Barry Bearak's tale of Caballo Blanco's last run is suffused by a poignant melancholy:
For three days, rescue teams had fanned out for 50 yards on each side of the marked trails. Riders on horseback ventured through the gnarly brush, pushing past the felled branches of pinyon-juniper and ponderosa pine. An airplane and a helicopter circled in the sky, their pilots squinting above the ridges, woodlands, river canyons and meadows."We're in the middle of nowhere, and this guy could be anywhere," Tom Bemis, the rescue coordinator appointed by the state police, said gloomily. He was sitting in a command center, marking lines on a map that covered 200,000 acres. Some 150 trained volunteers were at his disposal, and dozens of others were there too, arrived from all over the country, eager and anxious, asking to enlist in the search.

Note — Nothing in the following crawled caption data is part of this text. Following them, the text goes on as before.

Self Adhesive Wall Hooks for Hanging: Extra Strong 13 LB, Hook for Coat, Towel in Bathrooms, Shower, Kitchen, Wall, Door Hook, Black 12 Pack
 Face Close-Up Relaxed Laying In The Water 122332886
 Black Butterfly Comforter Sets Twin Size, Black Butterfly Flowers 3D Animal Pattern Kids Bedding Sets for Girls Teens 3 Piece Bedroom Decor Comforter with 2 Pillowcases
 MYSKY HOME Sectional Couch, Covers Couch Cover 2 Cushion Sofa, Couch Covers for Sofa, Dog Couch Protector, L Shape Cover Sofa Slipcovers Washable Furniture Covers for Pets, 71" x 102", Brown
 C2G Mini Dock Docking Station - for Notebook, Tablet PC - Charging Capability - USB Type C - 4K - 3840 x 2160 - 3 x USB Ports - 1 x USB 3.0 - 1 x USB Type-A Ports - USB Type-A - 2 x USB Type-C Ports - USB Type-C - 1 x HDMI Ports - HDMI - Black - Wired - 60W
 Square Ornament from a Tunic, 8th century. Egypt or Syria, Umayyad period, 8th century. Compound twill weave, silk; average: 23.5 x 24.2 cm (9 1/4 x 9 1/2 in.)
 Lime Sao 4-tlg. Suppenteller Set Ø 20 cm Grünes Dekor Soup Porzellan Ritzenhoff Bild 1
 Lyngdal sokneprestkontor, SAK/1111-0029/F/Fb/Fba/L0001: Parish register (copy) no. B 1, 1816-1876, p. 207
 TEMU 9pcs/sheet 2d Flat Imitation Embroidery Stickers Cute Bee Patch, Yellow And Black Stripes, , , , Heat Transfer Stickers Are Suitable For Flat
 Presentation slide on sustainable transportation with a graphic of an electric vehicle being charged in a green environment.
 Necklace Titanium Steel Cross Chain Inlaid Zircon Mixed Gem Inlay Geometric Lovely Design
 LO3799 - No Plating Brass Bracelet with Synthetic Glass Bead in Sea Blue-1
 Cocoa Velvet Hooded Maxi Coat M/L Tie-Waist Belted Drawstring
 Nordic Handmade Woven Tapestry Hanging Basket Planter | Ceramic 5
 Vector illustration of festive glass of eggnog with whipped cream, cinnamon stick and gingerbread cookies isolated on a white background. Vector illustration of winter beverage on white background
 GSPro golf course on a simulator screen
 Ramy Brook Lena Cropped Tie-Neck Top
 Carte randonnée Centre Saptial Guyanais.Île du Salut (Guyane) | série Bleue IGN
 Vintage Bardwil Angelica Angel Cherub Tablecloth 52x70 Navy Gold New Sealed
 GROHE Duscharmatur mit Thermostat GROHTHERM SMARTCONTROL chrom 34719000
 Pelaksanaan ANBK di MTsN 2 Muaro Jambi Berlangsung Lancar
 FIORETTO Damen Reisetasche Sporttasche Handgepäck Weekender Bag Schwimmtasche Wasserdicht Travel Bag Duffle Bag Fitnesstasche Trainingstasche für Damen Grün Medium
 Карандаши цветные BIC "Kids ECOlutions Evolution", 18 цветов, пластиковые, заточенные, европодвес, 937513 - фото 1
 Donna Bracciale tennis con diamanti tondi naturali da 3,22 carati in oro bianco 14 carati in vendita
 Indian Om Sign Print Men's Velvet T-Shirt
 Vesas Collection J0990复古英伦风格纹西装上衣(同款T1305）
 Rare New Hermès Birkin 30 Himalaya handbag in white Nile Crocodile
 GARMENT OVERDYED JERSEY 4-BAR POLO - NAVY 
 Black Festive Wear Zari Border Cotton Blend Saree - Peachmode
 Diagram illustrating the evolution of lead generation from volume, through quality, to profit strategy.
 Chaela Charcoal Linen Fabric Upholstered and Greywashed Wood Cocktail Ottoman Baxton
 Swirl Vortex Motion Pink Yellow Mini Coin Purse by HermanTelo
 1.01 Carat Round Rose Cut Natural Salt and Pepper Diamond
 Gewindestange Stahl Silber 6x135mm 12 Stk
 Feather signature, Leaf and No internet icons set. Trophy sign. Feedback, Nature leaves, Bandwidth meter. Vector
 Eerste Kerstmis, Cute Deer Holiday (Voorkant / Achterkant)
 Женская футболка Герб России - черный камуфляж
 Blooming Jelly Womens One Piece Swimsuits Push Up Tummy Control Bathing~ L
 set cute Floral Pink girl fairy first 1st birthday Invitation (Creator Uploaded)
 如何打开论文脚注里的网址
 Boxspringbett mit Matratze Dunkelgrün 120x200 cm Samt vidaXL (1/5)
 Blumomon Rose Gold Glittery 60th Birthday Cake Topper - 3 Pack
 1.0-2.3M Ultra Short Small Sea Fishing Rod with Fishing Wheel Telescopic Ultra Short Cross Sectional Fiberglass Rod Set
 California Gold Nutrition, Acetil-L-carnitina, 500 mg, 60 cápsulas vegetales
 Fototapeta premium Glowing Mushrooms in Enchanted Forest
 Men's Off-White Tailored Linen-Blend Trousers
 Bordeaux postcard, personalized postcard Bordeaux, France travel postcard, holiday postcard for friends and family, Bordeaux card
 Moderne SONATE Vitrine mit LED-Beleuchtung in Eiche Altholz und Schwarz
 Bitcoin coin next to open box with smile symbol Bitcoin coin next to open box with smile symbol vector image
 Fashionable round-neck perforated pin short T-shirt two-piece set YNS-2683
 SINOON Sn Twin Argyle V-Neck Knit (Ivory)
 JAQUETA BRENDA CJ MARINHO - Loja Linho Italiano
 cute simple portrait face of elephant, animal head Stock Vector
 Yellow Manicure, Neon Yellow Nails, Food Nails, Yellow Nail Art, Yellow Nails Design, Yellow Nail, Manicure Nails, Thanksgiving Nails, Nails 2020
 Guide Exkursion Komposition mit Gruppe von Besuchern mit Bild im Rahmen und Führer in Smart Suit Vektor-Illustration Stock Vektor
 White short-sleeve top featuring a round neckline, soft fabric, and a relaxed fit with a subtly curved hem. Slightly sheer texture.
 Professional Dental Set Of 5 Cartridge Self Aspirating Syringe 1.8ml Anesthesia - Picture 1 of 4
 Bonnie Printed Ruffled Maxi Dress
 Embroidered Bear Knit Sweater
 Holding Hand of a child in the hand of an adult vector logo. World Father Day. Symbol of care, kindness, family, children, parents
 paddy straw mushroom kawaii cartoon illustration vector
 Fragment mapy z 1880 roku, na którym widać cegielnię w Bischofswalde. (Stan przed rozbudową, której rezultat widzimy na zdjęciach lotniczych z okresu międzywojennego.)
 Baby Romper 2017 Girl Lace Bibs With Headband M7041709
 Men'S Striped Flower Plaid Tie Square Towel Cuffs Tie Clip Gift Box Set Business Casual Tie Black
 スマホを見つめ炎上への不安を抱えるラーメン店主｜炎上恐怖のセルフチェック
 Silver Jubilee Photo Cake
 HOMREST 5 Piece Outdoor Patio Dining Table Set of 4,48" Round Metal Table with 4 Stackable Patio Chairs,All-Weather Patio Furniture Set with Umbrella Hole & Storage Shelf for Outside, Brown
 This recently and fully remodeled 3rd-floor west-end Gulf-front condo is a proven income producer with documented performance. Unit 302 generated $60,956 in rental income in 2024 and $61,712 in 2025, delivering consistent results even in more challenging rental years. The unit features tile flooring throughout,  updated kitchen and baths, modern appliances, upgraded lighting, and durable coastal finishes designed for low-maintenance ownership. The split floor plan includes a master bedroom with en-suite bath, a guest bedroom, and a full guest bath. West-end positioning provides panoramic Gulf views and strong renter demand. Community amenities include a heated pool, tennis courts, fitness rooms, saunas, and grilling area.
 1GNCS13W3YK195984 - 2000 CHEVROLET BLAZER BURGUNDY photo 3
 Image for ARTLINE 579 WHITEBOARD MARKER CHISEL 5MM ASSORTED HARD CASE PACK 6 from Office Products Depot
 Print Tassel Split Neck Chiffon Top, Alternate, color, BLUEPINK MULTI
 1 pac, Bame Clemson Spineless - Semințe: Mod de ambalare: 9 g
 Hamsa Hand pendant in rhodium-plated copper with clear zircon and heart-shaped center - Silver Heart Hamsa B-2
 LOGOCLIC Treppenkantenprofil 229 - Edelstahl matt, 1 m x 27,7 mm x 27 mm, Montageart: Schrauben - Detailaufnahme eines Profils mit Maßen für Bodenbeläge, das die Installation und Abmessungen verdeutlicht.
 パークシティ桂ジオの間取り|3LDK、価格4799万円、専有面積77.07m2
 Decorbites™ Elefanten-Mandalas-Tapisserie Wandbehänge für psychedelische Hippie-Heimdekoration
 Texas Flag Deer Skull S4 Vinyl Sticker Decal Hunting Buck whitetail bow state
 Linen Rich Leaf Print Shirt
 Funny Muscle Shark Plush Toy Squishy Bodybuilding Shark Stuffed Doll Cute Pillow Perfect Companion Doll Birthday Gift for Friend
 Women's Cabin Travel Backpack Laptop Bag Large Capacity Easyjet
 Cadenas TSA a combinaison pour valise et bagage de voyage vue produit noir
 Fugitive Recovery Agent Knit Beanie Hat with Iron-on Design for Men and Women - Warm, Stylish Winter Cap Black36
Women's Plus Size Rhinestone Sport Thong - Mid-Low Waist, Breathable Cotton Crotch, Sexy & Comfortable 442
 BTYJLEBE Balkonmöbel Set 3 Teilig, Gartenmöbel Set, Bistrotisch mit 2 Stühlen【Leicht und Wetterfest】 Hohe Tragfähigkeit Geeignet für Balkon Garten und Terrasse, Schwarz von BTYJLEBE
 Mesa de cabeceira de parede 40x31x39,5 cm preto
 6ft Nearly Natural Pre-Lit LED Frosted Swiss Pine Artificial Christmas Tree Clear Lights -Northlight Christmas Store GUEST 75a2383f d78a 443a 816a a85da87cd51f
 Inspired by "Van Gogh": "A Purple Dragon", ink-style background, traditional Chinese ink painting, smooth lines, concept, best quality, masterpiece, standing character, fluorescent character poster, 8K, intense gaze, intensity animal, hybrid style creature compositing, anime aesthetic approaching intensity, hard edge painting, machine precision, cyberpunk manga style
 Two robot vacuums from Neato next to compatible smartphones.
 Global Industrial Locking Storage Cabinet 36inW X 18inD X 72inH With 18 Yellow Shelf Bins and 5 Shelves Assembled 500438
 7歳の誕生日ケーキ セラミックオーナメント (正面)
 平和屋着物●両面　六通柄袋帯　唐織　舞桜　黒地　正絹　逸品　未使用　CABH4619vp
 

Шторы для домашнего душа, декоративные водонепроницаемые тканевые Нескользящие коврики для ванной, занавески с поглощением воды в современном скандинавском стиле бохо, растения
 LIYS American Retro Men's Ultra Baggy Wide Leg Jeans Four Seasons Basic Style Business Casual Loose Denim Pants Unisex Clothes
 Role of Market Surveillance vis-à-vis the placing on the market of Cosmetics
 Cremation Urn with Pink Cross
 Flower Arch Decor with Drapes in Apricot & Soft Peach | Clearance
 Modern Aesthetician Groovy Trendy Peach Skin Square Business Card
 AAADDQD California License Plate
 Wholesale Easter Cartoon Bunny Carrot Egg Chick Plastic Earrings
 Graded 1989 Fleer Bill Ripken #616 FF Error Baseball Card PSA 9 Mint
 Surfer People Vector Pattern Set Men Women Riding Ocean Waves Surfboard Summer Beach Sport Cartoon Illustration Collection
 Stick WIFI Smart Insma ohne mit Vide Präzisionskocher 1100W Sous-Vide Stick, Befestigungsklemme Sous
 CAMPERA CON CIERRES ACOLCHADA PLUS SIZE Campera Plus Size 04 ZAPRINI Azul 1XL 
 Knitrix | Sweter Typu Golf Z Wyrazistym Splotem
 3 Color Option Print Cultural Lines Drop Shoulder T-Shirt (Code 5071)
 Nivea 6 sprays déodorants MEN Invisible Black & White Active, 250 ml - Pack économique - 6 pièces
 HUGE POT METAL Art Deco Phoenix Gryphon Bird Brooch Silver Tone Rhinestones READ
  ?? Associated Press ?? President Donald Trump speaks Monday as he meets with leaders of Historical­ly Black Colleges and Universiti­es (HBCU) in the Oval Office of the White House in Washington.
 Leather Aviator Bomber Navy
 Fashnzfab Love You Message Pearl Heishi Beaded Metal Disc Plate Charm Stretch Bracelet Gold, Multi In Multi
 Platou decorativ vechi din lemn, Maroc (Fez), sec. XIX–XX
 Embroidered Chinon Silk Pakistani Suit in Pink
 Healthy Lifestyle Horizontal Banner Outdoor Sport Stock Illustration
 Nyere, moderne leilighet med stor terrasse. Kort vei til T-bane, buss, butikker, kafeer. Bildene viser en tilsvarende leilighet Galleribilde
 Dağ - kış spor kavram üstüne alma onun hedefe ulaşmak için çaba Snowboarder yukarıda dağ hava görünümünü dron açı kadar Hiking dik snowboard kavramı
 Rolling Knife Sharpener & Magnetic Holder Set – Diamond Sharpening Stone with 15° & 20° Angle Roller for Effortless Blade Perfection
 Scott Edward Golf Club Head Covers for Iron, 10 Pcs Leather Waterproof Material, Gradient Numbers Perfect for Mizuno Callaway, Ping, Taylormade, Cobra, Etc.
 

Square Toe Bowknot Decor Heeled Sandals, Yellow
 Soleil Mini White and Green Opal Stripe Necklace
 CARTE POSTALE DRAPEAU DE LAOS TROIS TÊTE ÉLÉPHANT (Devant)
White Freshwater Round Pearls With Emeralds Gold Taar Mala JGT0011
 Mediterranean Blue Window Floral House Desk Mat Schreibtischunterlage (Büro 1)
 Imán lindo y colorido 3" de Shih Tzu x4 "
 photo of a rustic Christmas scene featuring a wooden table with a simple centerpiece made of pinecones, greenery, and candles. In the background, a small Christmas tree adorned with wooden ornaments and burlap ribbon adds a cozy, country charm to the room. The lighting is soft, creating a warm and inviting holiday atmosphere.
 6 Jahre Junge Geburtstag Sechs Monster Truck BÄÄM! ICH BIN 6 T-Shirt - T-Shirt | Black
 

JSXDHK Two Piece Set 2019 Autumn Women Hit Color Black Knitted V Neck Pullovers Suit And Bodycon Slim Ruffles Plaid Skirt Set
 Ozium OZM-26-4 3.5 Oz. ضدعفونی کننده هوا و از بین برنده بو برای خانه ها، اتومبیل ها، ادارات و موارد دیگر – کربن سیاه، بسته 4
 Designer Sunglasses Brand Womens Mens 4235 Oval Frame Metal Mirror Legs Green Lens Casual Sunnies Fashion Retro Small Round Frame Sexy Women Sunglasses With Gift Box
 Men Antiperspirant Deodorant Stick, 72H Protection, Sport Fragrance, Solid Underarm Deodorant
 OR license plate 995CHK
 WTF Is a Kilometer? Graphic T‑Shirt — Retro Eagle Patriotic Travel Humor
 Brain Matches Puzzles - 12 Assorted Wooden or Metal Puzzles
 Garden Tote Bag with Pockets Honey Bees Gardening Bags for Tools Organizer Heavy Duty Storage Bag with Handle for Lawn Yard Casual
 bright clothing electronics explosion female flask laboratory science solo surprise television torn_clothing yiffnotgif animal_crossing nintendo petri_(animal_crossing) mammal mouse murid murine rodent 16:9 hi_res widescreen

Caballo's body was eventually found by fellow runners, not professional search-and-rescue personnel; they also mourned him appropriately. Bearak's description is quite poetic:
The moon was a half-circle. The stars were abundant. Someone had thought to buy beer.For them, this was a requiem for a dead friend. They ate tortillas and eggs and canned stew, heating the food on an old white stove and subduing their sorrow with laughter. They each had a favorite Caballo Blanco story to tell, or two or three. The past flooded into the present. [...]
His death was terribly sad, and yet there was also perfection about it.
Micah True died while running through a magnificent wilderness, and then many of his closest friends came together to search for him, stepping through the same alluring canyons and forests and streams, again and again calling out his name.